I set off on the three-hour round trip at 6am to escape the searing heat, making my way through a mangrove swamp and scrambling across steep boulders sprouting kapok trees between crevices.

Yellow-spotted monitors – who inspired Captain Cook’s choice of name for the island – skulk timidly into the shade, as trilling, yellow-bellied sunbirds compete with the constantly whistling wind while flitting through wispy fronds of purple kangaroo grass. Excavated shell middens indicate Lizard’s first visitors came here more than 3,000 years ago, when young Dingaal Aboriginal males would learn survival skills during a rite of passage.

The resort can arrange trips to the pristine outer reef, where dive sites include Cod Hole and the ominous sounding Snake Pit, although these are not held daily. In fact, anyone wanting to scuba-dive should plan to stay for at least three or four nights, to allow rest periods before and after flights. Short on time, my friend and I use a motorised dinghy to explore the island’s shallow fringing reefs and go snorkelling.

Great Barrier Reef

Those words resonate with me as I immerse myself in another awesome world, where time is quickly forgotten as minutes slip easily into hours.

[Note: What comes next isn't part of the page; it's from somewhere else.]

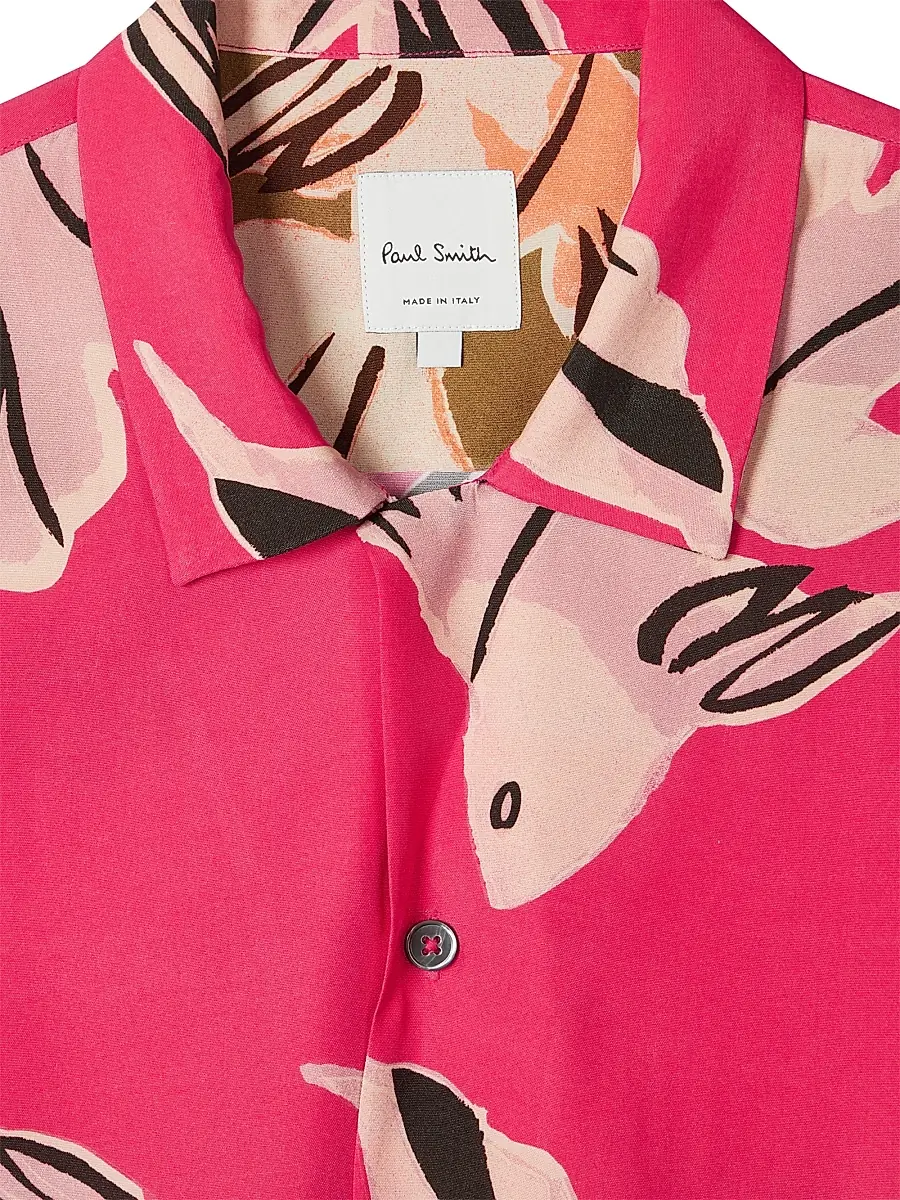 Paul Smith Men's Le Penche Fish Camp Shirt | Thumbnail 2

Breathing through a snorkel, I hover above a garden of furled, stony rose petals and clusters of tangled branches. Clownfish peer through the waving, rubbery fronds of anemones, and giant clams – some as big as a suitcase – gape open, revealing their colourful treasures.

I’m guided around the centre by Jamie McWilliam, a Scottish PhD student conducting research on sounds transmitted underwater.

‘In the past 30 years, there has been a 50 per cent decrease in coral,’ he tells me gravely.

Climate change, and the subsequent rise of water temperature, is one of the key causes of coral bleaching, while fertiliser run-off from the land is also highlighted as a killer. One of the main threats to the Great Barrier Reef is the crown-of-thorns starfish, a parasite ballooning in numbers due to the disruption of the delicate marine ecosystem.

Jamie is confident though that with care and attention, the beauty of the Reef can be saved. Sir Attenborough has an equally positive outlook. As he says: ‘It would be untruthful and unnecessarily sensationalist to say, “Oh yes, it’s all ruined since I was there last time”.

‘The beauty is so profound and deep, and the wonders to see are so sensational that even if they have diminished, it’s just one of the most wonderful places in the world.’